A study by Finn Hedefalk and Martin Dribe from the Centre for Economic Demography and the Department of Economic History at Lund University looked at the association between neighbourhood conditions throughout childhood and educational attainment in adulthood.

Unlike existing research that has focused on present-day and segregated cities in the United States, Hedefalk and Dribe take a long-term perspective and examine the impact of one’s neighbourhood in a more homogenous city in Sweden.

The data used was longitudinal microdata of the Swedish town of Landskrona from the Scanian Economic Demographic Database (SEDD). Hedefalk and Dribe geocoded the residential histories of the full population for the period of 1939 to 1967. This means they were able to match individuals to their specific addresses and then link them to Swedish national register data, regardless of where they later resided in Sweden from 1968 to 2015, to track achieved education level of children that grew up in Landskrona by the age of 40. With the geocoded data at address-level, they were able to use more realistic methods of estimating long-term social influences from the nearest neighbors than previously used measures that have been dependent on administrative borders.

During the time period under question, Sweden expanded higher education making it possible for more children to achieve a higher education than their parents. The authors observed that all social classes benefited from this expansion, but there were still differences between the high class (mainly white-collar workers) and mid- and low classes (mainly blue-collar workers). On average, 25.3% from the high class, 10.3% from the mid and 7.7% from the low class obtained at least a 3-year university degree by the age of 40.

Regardless of one’s school district and class origin, the neighbourhood was still found to play an influential role, indicating the importance of closer residential neighbourhoods.

The social class of the nearest neighbours of the same age throughout childhood were important for educational achievements, regardless of class origin and the elementary school children might have attended.

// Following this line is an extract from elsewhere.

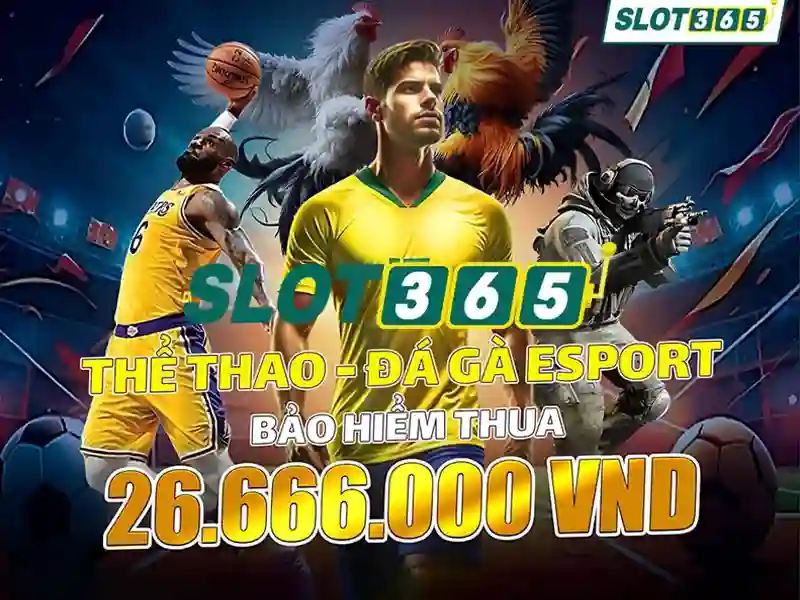 Trải nghiệm người dùng và trò chơi Slot365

Children that grew up in a high-class family with other high-class children of the same age as neighbours were consistently more likely to receive a university degree than other children. The influence of one’s neighbourhood conditions on educational outcomes differed by sex, age and the number of nearest neighbours. Girls were less impacted by their childhood neighbours, but between the ages of 11 and 17, they were more influenced by their own social class compared to boys. Looking specifically at 14-year-old girls, those with a high-class origin in high-class neighbourhoods were eight times more likely to obtain a university degree than children with a low-class origin in a low-class neighbourhood.